EXERCISE
Go through the listing and return every line with "Photo" in it.

DATA SECTION

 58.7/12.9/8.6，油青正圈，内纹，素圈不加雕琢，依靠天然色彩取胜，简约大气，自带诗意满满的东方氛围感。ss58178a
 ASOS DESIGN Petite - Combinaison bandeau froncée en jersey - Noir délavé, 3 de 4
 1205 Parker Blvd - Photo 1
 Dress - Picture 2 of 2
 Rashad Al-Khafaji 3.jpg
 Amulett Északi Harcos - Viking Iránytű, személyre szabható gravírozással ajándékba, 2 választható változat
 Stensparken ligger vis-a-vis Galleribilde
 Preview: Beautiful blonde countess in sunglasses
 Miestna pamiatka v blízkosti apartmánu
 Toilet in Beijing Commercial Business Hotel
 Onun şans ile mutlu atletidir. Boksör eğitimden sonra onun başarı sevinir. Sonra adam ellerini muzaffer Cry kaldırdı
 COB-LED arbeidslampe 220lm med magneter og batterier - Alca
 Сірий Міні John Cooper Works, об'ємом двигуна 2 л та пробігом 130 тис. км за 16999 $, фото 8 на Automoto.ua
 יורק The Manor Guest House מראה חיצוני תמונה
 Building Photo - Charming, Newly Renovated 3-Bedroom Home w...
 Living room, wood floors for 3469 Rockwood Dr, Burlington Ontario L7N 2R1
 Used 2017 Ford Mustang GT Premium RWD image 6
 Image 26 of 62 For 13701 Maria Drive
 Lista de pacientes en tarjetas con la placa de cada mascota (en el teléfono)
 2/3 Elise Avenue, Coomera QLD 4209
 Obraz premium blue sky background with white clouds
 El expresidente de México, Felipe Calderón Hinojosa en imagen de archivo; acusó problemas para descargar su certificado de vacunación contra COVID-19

RESPONSE TO THIS EXERCISE
 1205 Parker Blvd - Photo 1
 Building Photo - Charming, Newly Renovated 3-Bedroom Home w...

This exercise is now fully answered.